● Your objective
The answer should hold only the lines from the one containing "Here's the resident" through the one containing "Hi everyone, welcome" in the entries below, copied exactly, without pictures.

● Data for analysis
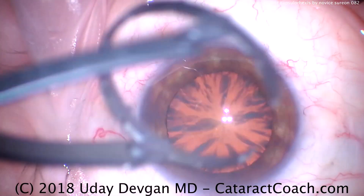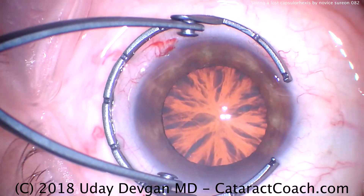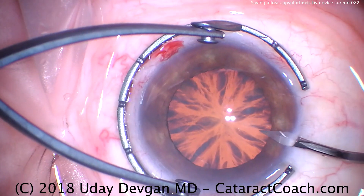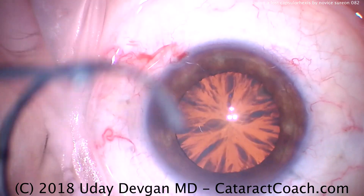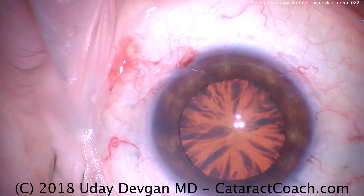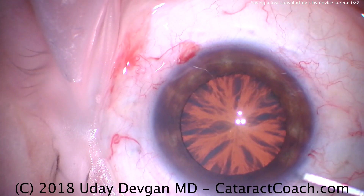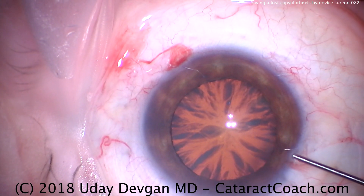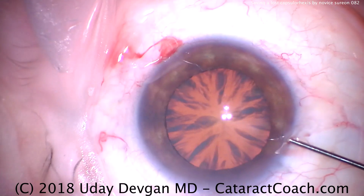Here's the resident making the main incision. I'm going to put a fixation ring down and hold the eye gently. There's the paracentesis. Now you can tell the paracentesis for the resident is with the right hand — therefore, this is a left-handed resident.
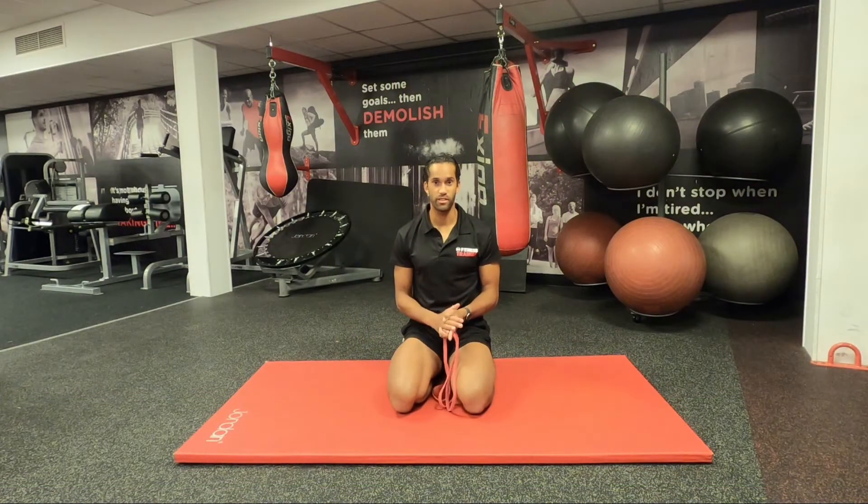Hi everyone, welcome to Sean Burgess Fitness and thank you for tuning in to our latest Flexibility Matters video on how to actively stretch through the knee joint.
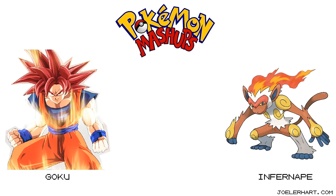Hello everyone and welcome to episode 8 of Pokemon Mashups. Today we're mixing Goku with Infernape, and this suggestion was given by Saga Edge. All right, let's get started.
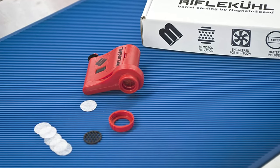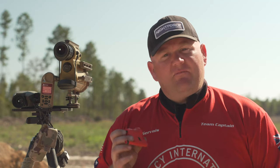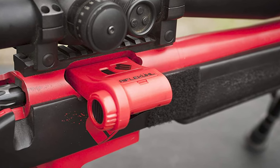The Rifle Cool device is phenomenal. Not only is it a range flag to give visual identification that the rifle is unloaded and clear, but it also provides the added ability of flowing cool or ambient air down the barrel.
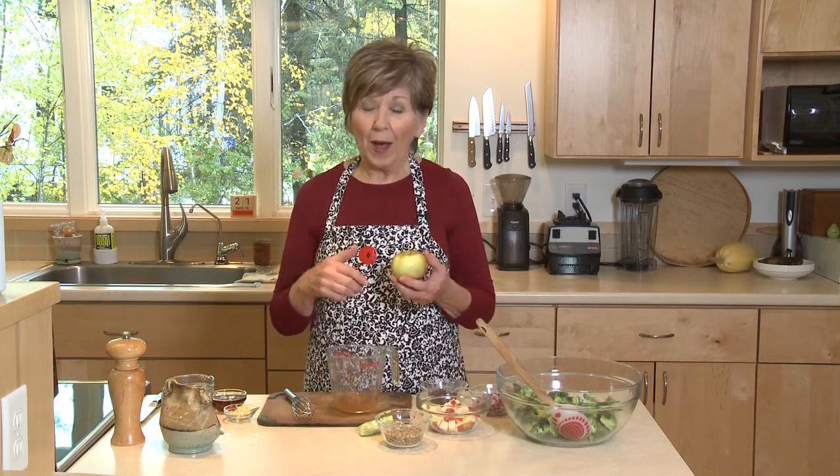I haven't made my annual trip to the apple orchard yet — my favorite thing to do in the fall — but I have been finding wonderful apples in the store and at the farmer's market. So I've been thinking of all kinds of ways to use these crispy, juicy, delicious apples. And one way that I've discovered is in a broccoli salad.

...

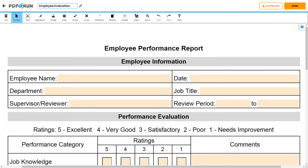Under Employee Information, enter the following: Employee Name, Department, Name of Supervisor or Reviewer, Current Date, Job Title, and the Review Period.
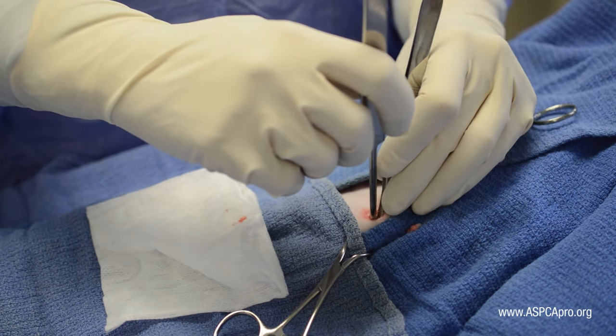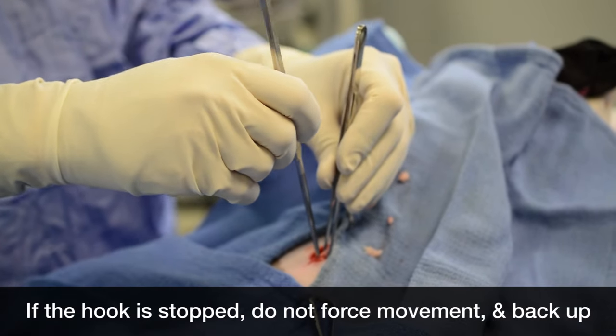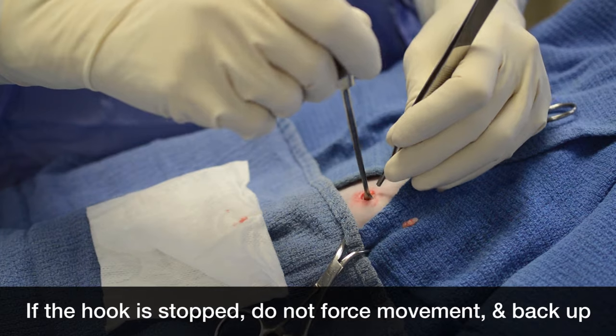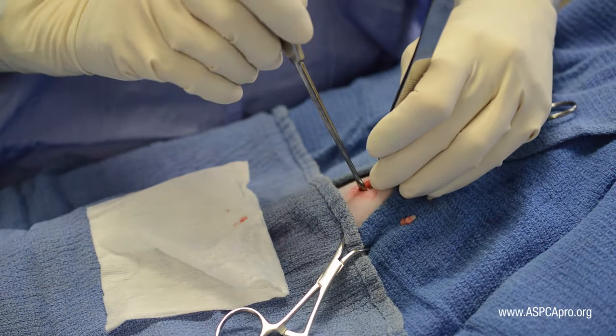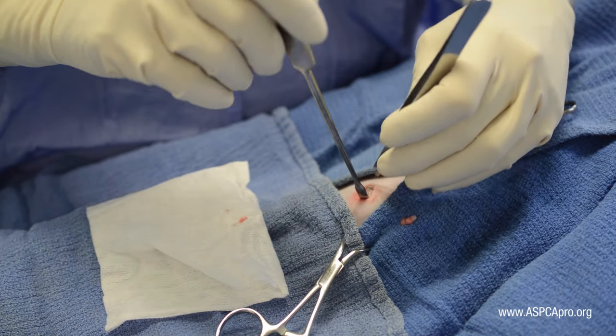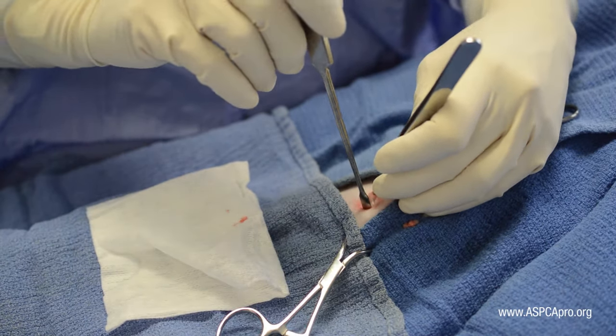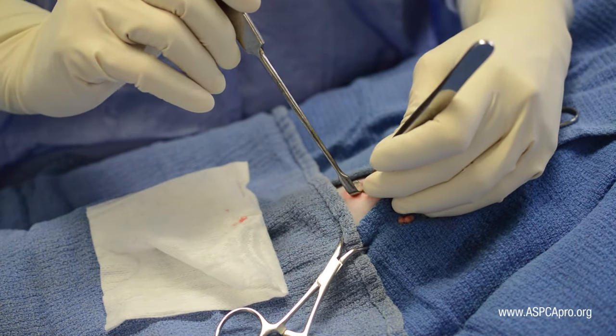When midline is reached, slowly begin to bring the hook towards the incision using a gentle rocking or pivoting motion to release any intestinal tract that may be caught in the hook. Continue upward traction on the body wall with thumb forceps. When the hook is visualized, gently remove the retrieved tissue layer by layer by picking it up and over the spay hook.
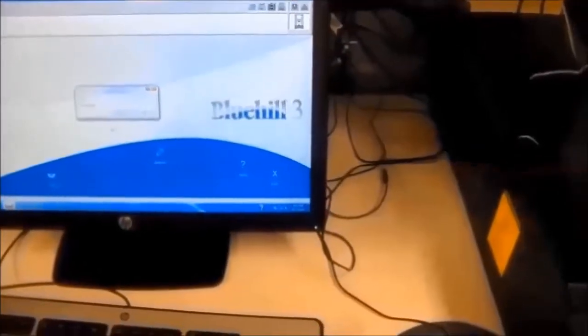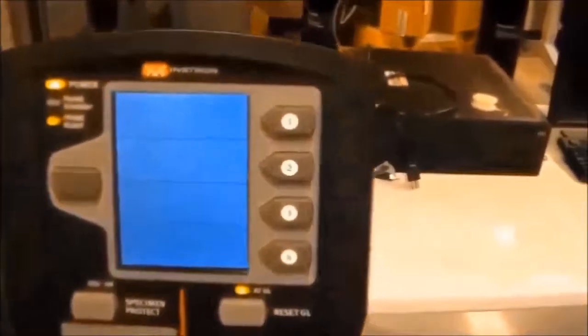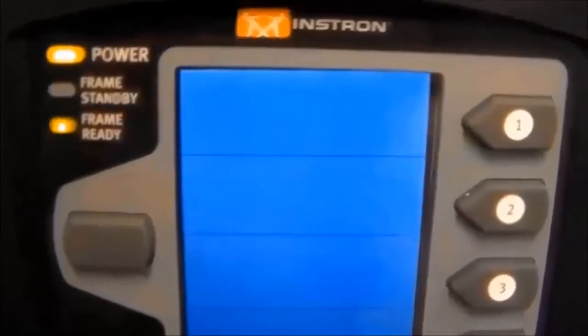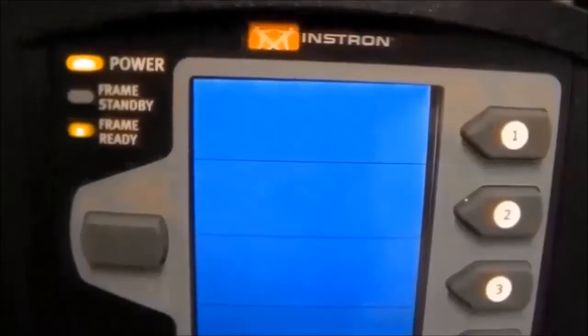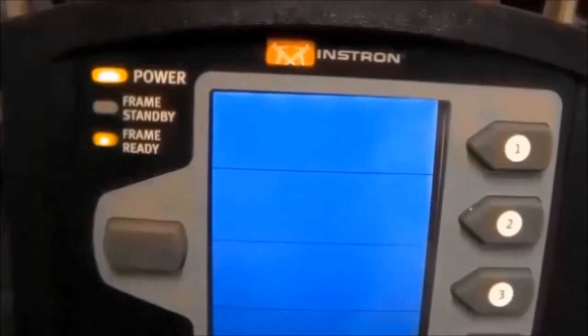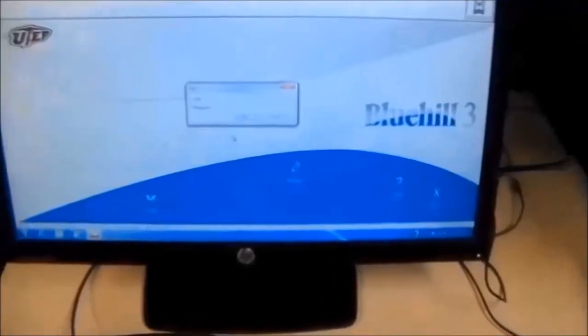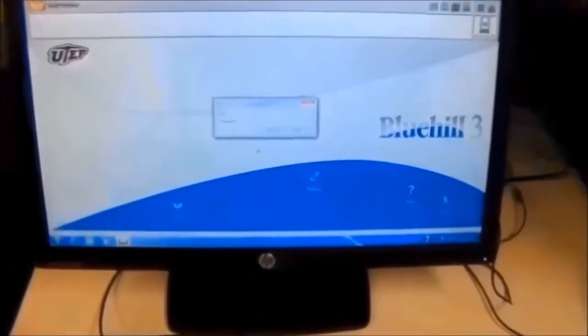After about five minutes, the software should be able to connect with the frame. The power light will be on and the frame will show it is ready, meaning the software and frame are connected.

● Solution
Here's the resident making the main incision. I'm going to put a fixation ring down and hold the eye gently. There's the paracentesis. Now you can tell the paracentesis for the resident is with the right hand — therefore, this is a left-handed resident.
Hi everyone, welcome to Sean Burgess Fitness and thank you for tuning in to our latest Flexibility Matters video on how to actively stretch through the knee joint.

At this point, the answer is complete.